*RECORDS TO USE*:
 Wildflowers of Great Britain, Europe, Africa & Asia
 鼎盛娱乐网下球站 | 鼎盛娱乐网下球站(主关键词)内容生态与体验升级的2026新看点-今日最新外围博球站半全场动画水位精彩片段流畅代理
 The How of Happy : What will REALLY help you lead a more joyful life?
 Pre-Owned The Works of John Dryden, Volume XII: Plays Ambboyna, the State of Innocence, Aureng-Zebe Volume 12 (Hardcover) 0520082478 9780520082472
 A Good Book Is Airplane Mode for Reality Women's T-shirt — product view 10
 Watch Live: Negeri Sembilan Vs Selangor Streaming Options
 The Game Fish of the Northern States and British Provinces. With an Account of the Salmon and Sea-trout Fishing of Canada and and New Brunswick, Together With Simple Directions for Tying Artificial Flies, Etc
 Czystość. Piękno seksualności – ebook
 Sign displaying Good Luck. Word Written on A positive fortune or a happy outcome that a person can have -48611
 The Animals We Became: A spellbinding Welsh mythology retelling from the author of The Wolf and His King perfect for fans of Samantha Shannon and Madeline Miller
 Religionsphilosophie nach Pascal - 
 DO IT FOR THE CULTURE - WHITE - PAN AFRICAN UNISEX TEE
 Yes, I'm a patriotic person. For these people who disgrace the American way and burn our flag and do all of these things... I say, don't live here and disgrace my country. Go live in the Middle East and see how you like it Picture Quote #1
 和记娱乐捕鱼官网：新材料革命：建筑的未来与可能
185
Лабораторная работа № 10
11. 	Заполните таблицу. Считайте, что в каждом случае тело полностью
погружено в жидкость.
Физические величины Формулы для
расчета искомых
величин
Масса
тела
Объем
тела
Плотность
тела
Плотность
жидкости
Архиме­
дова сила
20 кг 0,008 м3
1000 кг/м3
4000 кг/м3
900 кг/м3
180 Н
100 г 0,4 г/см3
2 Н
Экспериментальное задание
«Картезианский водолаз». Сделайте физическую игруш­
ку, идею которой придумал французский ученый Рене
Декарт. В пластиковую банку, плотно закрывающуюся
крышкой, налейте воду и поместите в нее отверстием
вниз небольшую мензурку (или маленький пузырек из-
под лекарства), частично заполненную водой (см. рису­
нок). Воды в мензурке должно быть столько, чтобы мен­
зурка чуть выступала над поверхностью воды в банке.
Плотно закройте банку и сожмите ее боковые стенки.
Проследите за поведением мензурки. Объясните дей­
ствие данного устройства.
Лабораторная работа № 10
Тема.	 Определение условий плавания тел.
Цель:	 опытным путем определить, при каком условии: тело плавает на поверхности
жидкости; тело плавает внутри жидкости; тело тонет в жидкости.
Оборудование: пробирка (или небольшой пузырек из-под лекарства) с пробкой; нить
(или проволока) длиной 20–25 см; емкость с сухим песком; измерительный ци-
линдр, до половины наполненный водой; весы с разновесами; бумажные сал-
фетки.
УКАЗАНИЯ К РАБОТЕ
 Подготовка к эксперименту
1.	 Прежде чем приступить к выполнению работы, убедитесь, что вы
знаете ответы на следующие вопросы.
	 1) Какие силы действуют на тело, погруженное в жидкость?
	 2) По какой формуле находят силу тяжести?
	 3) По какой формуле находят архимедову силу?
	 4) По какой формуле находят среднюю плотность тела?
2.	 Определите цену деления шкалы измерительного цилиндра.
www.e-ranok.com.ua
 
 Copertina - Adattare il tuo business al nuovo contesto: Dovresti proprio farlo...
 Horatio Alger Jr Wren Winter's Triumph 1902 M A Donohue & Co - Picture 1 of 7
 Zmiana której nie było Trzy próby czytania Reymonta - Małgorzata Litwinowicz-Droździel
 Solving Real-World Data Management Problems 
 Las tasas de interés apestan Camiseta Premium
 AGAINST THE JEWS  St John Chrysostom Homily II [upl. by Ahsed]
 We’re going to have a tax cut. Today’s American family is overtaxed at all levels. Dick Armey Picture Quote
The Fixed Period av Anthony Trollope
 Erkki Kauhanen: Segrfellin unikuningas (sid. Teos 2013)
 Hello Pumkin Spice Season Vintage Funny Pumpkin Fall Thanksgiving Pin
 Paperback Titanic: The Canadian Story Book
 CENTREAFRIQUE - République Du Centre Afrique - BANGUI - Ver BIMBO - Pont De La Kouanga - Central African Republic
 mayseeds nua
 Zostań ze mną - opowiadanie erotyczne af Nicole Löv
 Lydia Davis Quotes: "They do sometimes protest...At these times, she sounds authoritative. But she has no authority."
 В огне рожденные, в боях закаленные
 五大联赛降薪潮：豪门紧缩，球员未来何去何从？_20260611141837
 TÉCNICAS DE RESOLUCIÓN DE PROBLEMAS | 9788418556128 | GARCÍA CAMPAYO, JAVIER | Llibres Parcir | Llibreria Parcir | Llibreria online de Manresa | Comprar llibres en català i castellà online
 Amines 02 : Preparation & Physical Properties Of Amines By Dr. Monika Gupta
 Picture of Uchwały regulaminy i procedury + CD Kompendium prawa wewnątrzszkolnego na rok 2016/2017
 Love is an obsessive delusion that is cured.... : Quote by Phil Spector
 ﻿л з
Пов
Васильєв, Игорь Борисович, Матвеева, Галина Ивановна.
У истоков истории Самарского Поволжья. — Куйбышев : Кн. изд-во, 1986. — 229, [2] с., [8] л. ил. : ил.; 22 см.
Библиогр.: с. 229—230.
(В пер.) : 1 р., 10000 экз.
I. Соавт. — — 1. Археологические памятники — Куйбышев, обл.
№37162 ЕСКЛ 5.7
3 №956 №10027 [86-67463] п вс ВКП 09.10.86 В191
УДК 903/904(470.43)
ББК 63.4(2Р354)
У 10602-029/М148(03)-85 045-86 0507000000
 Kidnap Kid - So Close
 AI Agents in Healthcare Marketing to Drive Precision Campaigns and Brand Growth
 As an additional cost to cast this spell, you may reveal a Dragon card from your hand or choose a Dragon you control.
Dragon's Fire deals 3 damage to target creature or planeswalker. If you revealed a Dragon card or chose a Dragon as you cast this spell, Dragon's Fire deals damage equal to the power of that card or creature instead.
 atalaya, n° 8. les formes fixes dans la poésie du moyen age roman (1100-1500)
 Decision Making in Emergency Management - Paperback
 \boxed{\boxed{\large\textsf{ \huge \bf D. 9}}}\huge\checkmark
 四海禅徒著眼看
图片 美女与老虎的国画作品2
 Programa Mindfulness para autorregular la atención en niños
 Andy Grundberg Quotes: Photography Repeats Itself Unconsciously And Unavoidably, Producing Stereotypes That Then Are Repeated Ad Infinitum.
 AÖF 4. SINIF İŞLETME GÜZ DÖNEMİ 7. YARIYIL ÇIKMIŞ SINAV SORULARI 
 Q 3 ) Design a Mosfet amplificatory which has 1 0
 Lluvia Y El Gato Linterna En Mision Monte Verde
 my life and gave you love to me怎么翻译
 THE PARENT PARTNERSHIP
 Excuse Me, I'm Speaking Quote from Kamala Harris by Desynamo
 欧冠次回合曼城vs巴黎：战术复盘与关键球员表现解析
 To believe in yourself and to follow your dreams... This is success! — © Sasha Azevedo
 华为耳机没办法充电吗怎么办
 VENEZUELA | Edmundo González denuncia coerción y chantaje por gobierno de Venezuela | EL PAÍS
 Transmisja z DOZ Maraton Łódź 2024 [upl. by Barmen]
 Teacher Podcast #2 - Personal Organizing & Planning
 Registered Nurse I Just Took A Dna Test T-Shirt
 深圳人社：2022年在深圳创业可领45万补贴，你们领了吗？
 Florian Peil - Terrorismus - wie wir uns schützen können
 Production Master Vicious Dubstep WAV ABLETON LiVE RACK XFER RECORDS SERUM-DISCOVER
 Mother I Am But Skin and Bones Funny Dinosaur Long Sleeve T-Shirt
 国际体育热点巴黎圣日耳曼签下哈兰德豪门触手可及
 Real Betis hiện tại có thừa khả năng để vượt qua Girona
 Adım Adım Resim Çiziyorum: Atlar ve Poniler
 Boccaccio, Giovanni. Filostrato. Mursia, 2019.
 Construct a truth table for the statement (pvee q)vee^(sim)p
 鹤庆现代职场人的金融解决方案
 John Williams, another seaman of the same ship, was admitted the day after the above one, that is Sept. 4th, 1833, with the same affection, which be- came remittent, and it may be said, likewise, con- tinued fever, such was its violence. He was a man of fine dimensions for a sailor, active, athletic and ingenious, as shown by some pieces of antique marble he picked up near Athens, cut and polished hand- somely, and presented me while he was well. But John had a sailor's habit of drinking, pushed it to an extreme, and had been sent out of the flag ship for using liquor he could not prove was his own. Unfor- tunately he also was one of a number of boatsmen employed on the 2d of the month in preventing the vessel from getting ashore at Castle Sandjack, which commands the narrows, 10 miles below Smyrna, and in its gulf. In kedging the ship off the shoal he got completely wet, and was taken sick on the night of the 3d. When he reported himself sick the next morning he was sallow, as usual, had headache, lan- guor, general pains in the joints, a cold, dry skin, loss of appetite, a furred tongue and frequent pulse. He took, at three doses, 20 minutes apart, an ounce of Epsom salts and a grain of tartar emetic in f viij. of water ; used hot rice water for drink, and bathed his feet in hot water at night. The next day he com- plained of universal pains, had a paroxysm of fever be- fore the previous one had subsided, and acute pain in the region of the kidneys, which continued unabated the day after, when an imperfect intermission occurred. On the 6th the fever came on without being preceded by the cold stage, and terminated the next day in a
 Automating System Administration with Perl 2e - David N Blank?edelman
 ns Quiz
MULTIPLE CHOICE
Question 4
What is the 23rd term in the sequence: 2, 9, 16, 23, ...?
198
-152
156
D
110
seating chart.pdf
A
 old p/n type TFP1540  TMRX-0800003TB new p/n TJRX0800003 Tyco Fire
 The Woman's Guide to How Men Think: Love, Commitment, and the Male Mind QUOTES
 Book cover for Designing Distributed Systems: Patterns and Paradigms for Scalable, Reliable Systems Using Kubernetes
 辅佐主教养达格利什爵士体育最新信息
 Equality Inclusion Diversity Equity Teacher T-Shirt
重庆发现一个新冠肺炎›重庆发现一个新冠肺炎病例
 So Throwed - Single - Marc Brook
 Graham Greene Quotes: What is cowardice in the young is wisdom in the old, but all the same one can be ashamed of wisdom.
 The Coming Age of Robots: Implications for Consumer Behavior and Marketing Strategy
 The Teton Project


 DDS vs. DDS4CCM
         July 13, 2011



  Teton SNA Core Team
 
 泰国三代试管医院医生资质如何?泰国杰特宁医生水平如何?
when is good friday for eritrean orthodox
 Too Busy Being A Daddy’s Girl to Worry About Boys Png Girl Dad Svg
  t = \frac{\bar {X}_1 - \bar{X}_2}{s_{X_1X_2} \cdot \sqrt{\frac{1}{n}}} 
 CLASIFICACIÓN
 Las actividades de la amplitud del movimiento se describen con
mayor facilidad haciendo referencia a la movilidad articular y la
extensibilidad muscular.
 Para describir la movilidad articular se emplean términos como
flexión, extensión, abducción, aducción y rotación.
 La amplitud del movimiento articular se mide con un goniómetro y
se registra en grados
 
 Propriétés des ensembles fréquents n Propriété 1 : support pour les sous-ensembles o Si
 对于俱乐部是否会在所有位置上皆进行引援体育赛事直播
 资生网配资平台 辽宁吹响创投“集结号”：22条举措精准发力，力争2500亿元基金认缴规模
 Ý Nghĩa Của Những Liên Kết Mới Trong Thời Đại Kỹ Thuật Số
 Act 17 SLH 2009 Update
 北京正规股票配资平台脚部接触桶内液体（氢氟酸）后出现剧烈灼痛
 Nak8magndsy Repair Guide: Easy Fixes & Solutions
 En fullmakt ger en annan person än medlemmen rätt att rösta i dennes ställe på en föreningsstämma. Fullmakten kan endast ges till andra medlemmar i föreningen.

*PROBLEM DESCRIPTION*: Could you write out, exactly as they stand, only the lines above that begin at the line with "Czystość. Piękno seksualności – ebook" and stop after the line with "DO IT FOR THE"?

*TASK RESPONSE*:
 Czystość. Piękno seksualności – ebook
 Sign displaying Good Luck. Word Written on A positive fortune or a happy outcome that a person can have -48611
 The Animals We Became: A spellbinding Welsh mythology retelling from the author of The Wolf and His King perfect for fans of Samantha Shannon and Madeline Miller
 Religionsphilosophie nach Pascal - 
 DO IT FOR THE CULTURE - WHITE - PAN AFRICAN UNISEX TEE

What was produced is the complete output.